═══ Source information
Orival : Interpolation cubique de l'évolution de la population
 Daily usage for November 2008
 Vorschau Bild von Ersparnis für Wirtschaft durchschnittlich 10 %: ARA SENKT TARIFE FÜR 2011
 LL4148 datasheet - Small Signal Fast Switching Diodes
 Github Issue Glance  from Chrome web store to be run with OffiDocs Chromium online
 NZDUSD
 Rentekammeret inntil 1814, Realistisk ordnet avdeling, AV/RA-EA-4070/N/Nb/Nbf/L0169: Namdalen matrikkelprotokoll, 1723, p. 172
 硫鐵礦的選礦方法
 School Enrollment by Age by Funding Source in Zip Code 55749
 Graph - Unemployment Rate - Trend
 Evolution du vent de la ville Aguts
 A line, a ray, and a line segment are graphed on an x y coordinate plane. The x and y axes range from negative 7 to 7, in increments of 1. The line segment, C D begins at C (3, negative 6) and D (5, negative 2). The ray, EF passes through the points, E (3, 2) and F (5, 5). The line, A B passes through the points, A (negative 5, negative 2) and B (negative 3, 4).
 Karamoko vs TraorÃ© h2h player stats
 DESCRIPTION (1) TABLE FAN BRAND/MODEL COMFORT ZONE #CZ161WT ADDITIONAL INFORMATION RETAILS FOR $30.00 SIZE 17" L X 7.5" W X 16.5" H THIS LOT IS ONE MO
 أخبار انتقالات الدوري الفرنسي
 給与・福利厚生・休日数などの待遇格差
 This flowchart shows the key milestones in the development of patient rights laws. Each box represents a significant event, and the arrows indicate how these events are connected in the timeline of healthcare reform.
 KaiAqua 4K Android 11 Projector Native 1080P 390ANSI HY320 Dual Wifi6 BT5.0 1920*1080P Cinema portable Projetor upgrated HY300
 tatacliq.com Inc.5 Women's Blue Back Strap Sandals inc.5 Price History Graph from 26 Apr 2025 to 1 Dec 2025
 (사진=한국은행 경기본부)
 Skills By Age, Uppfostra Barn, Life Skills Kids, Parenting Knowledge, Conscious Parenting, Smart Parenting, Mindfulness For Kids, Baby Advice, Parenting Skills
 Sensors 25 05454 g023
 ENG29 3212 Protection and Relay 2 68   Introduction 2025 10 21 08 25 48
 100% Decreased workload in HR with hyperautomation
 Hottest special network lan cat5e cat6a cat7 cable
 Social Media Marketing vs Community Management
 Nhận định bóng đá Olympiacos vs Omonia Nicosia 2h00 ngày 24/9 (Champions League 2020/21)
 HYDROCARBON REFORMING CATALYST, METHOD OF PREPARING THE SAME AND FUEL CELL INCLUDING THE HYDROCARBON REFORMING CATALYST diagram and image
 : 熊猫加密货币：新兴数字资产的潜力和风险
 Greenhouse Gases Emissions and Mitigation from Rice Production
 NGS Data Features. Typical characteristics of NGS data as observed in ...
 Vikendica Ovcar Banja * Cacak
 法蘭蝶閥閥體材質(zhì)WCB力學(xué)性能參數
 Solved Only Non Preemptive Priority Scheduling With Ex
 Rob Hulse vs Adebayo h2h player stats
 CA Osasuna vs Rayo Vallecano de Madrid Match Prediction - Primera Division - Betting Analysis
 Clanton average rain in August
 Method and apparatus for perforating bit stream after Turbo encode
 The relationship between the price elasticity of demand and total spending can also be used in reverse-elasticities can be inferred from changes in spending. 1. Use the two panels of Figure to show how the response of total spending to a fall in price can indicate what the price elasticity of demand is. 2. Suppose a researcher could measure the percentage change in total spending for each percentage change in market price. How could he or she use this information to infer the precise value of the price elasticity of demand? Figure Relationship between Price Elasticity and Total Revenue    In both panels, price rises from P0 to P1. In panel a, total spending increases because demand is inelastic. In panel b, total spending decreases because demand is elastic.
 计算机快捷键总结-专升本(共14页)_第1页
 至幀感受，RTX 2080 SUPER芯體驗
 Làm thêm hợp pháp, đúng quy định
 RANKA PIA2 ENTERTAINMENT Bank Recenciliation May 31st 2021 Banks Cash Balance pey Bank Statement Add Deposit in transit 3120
══════
## Work to be completed
Print exactly the lines of the listing above starting at the line containing "A line, a ray, and" and ending at the line containing "Nhận định bóng", both included.

## Reply to the task
 A line, a ray, and a line segment are graphed on an x y coordinate plane. The x and y axes range from negative 7 to 7, in increments of 1. The line segment, C D begins at C (3, negative 6) and D (5, negative 2). The ray, EF passes through the points, E (3, 2) and F (5, 5). The line, A B passes through the points, A (negative 5, negative 2) and B (negative 3, 4).
 Karamoko vs TraorÃ© h2h player stats
 DESCRIPTION (1) TABLE FAN BRAND/MODEL COMFORT ZONE #CZ161WT ADDITIONAL INFORMATION RETAILS FOR $30.00 SIZE 17" L X 7.5" W X 16.5" H THIS LOT IS ONE MO
 أخبار انتقالات الدوري الفرنسي
 給与・福利厚生・休日数などの待遇格差
 This flowchart shows the key milestones in the development of patient rights laws. Each box represents a significant event, and the arrows indicate how these events are connected in the timeline of healthcare reform.
 KaiAqua 4K Android 11 Projector Native 1080P 390ANSI HY320 Dual Wifi6 BT5.0 1920*1080P Cinema portable Projetor upgrated HY300
 tatacliq.com Inc.5 Women's Blue Back Strap Sandals inc.5 Price History Graph from 26 Apr 2025 to 1 Dec 2025
 (사진=한국은행 경기본부)
 Skills By Age, Uppfostra Barn, Life Skills Kids, Parenting Knowledge, Conscious Parenting, Smart Parenting, Mindfulness For Kids, Baby Advice, Parenting Skills
 Sensors 25 05454 g023
 ENG29 3212 Protection and Relay 2 68   Introduction 2025 10 21 08 25 48
 100% Decreased workload in HR with hyperautomation
 Hottest special network lan cat5e cat6a cat7 cable
 Social Media Marketing vs Community Management
 Nhận định bóng đá Olympiacos vs Omonia Nicosia 2h00 ngày 24/9 (Champions League 2020/21)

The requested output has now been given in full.